Background

Greater sage-grouse (hereafter sage-grouse) are a good model for studying variance in reproductive success and mating patterns in lekking species because they have highly skewed observed mating success among males, are well studied, and are easy to sample. Researchers have found that only a few males perform the majority of copulations on individual leks (e.g., Wiley 1973). Females visit one or more leks on several consecutive mornings and copulate only once with a single male (Wiley 1973; Gibson et al. 1991). Females then lay eggs, incubate, and rear the young on their own. However, males around the edges of leks also display to females and can follow females off-lek (Gibson 1996). Males are reported to display to females away from leks (Dunn and Braun 1985) and yearling males (males hatched the previous spring that are physiologically capable of reproducing, but are assumed not to breed based on reduced testis size; Eng 1963) can walk or fly onto leks accompanying one or more females (K. L. Bush, unpubl. data). Furthermore, most visiting females are never observed to mate even on intensively monitored leks (Semple et al. 2001). Therefore, the breeding system in sage-grouse may be more complex than previously thought. Consistent with this idea, a small-scale paternity study on sage-grouse in California found only 40% of broods were fathered by territorial males from focal leks, while 40% were fathered by males from other leks or males off-lek, and 20% of broods exhibited multiple paternity (Semple et al. 2001).
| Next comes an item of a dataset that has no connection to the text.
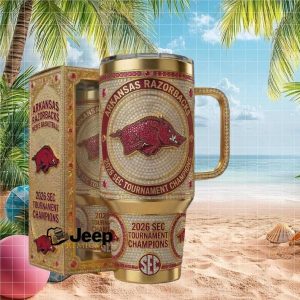 Arkansas Razorbacks 2026 SEC Tournament Champions Luxury Gold Diamond Edition Stainless Steel Insulated Tumbler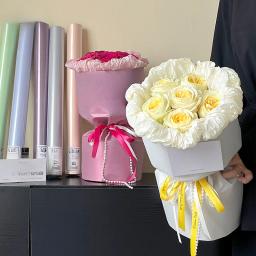 Textura de seda flor rolo papel de embrulho à prova dwaterproof água espessamento buquê material de embalagem rosa presentes do feriado embalagem artesanato papel - Image 2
This study by Semple and colleagues examined only 10 broods, making it necessary to assess the generality of these results with a larger study conducted in a different geographic region.

 

We used polymorphic microsatellites to study the mating system and parentage of sage-grouse in Alberta and address two main questions. First, do a limited number of sage-grouse males father the majority of offspring in a given year as predicted by most behavioral studies (e.g. Wiley 1973) or is paternity more evenly distributed across the population? Second, do sage-grouse broods exhibit multiple paternity? We anticipated some variance in male mating success, as sage-grouse are a highly sexually dimorphic species where copulation rates on leks are known to be highly skewed among males (Wiley 1973). However, Semple et al. (2001) found a greater spread in paternity than suggested by previous behavioural studies. We also expected to document cases of multiple paternity within broods because the pattern has been reported in most lekking species studied using genetic methods (Lanctot et al. 1997; Semple et al. 2001; Lank et al. 2002; Lebigre et al. 2007).